Lucas was a self-proclaimed tomboy, playing out on the street with local children (mostly boys), learning to swear without really understanding what the swearwords meant. She has spoken since of the political implications of swearing and how "whole classes of people had language stacked against them". Speaking of her formative years, art critic Gilda Williams has spoken of how Lucas's work "seems forever suspended in [...] the brief instance hinged between childhood and adolescence [...] arrested in the short space of puberty, in that giggly, boy crazy (or girl-crazy) period when almost any object [...] trigger squeals of embarrassed giggling".
Lucas has said that her mother wouldn't allow her to do any homework on the thinking that the time she spent at school should be enough of an education. She left school at 16 with no qualifications, stating that she "bummed around for a couple of years" and survived on part time jobs and unemployment benefit. Reacting to an abortion at 17, Lucas hitchhiked around Europe for a year with a boyfriend while trying to work out what she would like to do with her life. On her return, her mother got her a job in a play centre where she was working. Once there, she spoke with a colleague who had gone to art college and she realised that this was path she might follow.
Early Training and Work
Having attended the Working Men's College in 1982, Lucas put together a portfolio which secured her a place on a foundation course at the London College of Printing in 1983. As a fine Art undergraduate, she studied at Goldsmith College between 1984 and 1987 where she met many fellow artists who would form the Young British Artists (YBA) movement, including Damien Hirst, Angus Fairhurst, Gillian Wearing and Gary Hume. She entered into personal relationships with Hume and Fairhurst, the latter ending in a tragedy that would affect Lucas's outlook on life. Following her graduation, she contributed to Hirst's famous Freeze exhibition in a London Port Authority Building in Docklands. Many of the artists showing at Freeze became associated with the YBAs whose work was promoted by advertising guru and art collector Charles Saatchi. The journalist Lynn Barber observed that "at college, the boys all treated [Lucas] as an equal and respected her work. But after college, she noticed, the boys were all quickly wooed by galleries and fêted by collectors, while she was only invited to things as Gary Hume's plus one". Lucas has spoken frequently of her anger about that situation.
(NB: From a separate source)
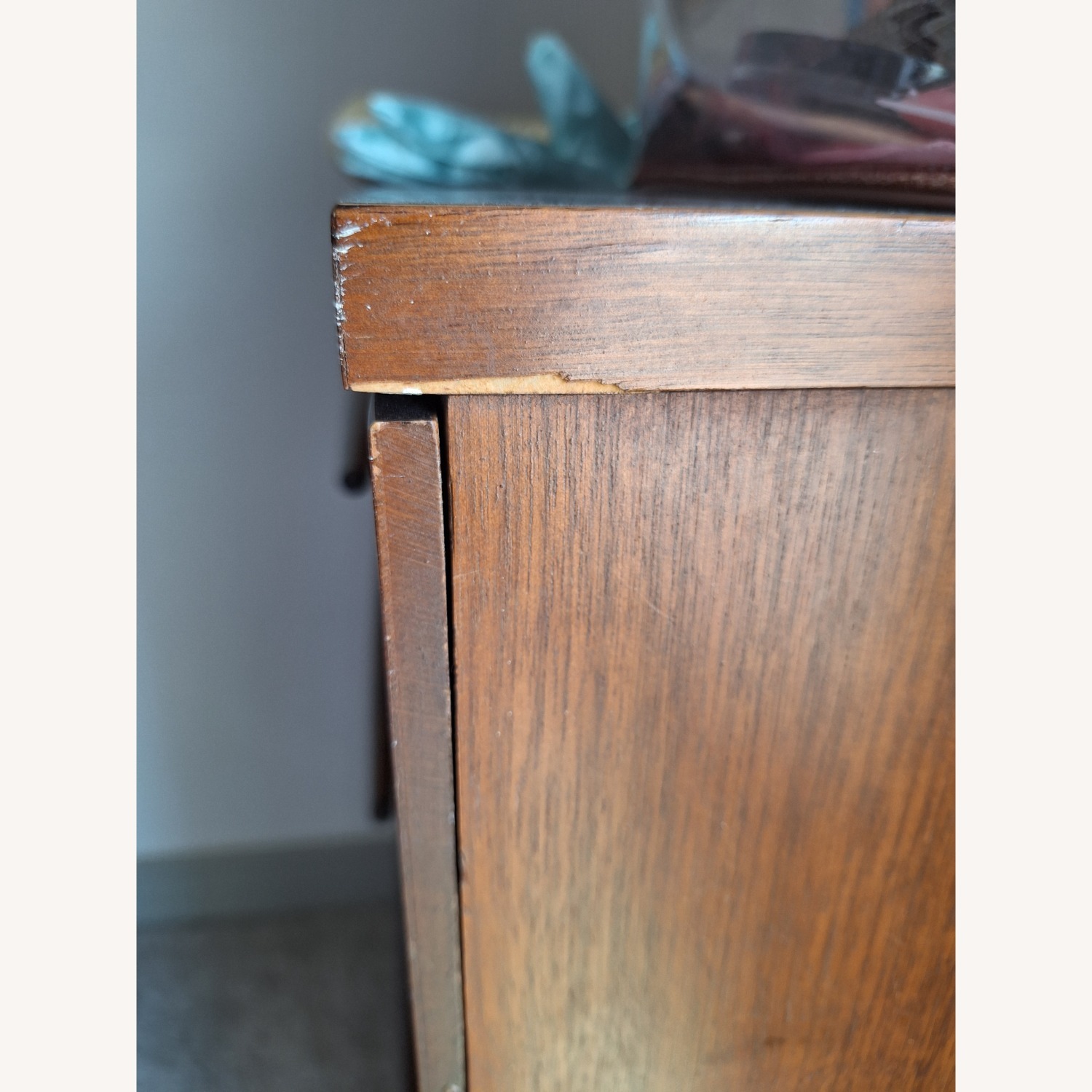 Harmony House Dresser with Mirror - AptDeco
In 1990 Lucas met art director Sadie Coles, who was at that time working for the Anthony d'Offay Gallery, and would later represent Lucas through her own commercial gallery in London. At this time Lucas became strongly influenced by the writing of Dworkin and her radical feminist position on patriarchy: attacking the dominance of "blokey" art that she believed was "actually a construct". Her sculpture Penis Nailed to a Board soon followed and her first solo exhibition at City Racing Gallery brought her recognition in her own right. In fact Lucas describes how success came after she returned to making things as she did, "when I was little, just making things, because I always did, to keep myself company. I think that sort of continues - the making things to keep yourself company".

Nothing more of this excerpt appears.